Short text fragments from websites:
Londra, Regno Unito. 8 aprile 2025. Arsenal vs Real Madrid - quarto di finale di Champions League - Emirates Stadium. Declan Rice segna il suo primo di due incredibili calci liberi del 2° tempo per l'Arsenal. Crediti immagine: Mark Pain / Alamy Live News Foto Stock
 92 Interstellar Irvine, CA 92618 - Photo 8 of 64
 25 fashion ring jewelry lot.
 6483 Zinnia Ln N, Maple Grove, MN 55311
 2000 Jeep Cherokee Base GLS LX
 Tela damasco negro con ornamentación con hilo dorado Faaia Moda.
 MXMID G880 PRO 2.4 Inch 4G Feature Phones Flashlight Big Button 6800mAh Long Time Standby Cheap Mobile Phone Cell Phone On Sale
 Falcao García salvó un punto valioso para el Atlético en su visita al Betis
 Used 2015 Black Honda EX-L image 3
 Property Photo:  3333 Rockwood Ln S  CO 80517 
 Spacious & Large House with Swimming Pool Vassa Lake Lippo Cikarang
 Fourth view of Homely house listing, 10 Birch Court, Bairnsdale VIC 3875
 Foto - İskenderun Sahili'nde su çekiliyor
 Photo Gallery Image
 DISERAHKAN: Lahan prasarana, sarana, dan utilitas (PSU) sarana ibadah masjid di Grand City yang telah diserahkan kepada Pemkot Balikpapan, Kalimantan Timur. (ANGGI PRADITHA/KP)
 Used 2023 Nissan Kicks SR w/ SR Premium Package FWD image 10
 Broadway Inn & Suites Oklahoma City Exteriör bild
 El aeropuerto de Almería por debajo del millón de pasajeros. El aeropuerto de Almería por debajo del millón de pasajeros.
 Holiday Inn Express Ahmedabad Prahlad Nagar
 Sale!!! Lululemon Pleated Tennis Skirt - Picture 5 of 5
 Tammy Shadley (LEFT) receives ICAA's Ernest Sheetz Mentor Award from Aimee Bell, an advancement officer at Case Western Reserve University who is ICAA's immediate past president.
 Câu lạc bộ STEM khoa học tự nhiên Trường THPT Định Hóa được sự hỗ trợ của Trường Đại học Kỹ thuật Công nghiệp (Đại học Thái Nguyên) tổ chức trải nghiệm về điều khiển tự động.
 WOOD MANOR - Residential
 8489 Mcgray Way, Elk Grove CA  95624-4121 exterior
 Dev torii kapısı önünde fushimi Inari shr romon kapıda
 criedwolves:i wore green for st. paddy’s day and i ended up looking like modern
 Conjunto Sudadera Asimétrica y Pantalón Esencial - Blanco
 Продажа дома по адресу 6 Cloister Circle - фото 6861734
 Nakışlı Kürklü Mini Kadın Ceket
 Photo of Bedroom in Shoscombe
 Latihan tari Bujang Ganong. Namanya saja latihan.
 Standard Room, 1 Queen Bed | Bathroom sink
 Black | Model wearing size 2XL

# What to work on
Return every entry verbatim.

# Task output
Londra, Regno Unito. 8 aprile 2025. Arsenal vs Real Madrid - quarto di finale di Champions League - Emirates Stadium. Declan Rice segna il suo primo di due incredibili calci liberi del 2° tempo per l'Arsenal. Crediti immagine: Mark Pain / Alamy Live News Foto Stock
 92 Interstellar Irvine, CA 92618 - Photo 8 of 64
 25 fashion ring jewelry lot.
 6483 Zinnia Ln N, Maple Grove, MN 55311
 2000 Jeep Cherokee Base GLS LX
 Tela damasco negro con ornamentación con hilo dorado Faaia Moda.
 MXMID G880 PRO 2.4 Inch 4G Feature Phones Flashlight Big Button 6800mAh Long Time Standby Cheap Mobile Phone Cell Phone On Sale
 Falcao García salvó un punto valioso para el Atlético en su visita al Betis
 Used 2015 Black Honda EX-L image 3
 Property Photo:  3333 Rockwood Ln S  CO 80517 
 Spacious & Large House with Swimming Pool Vassa Lake Lippo Cikarang
 Fourth view of Homely house listing, 10 Birch Court, Bairnsdale VIC 3875
 Foto - İskenderun Sahili'nde su çekiliyor
 Photo Gallery Image
 DISERAHKAN: Lahan prasarana, sarana, dan utilitas (PSU) sarana ibadah masjid di Grand City yang telah diserahkan kepada Pemkot Balikpapan, Kalimantan Timur. (ANGGI PRADITHA/KP)
 Used 2023 Nissan Kicks SR w/ SR Premium Package FWD image 10
 Broadway Inn & Suites Oklahoma City Exteriör bild
 El aeropuerto de Almería por debajo del millón de pasajeros. El aeropuerto de Almería por debajo del millón de pasajeros.
 Holiday Inn Express Ahmedabad Prahlad Nagar
 Sale!!! Lululemon Pleated Tennis Skirt - Picture 5 of 5
 Tammy Shadley (LEFT) receives ICAA's Ernest Sheetz Mentor Award from Aimee Bell, an advancement officer at Case Western Reserve University who is ICAA's immediate past president.
 Câu lạc bộ STEM khoa học tự nhiên Trường THPT Định Hóa được sự hỗ trợ của Trường Đại học Kỹ thuật Công nghiệp (Đại học Thái Nguyên) tổ chức trải nghiệm về điều khiển tự động.
 WOOD MANOR - Residential
 8489 Mcgray Way, Elk Grove CA  95624-4121 exterior
 Dev torii kapısı önünde fushimi Inari shr romon kapıda
 criedwolves:i wore green for st. paddy’s day and i ended up looking like modern
 Conjunto Sudadera Asimétrica y Pantalón Esencial - Blanco
 Продажа дома по адресу 6 Cloister Circle - фото 6861734
 Nakışlı Kürklü Mini Kadın Ceket
 Photo of Bedroom in Shoscombe
 Latihan tari Bujang Ganong. Namanya saja latihan.
 Standard Room, 1 Queen Bed | Bathroom sink
 Black | Model wearing size 2XL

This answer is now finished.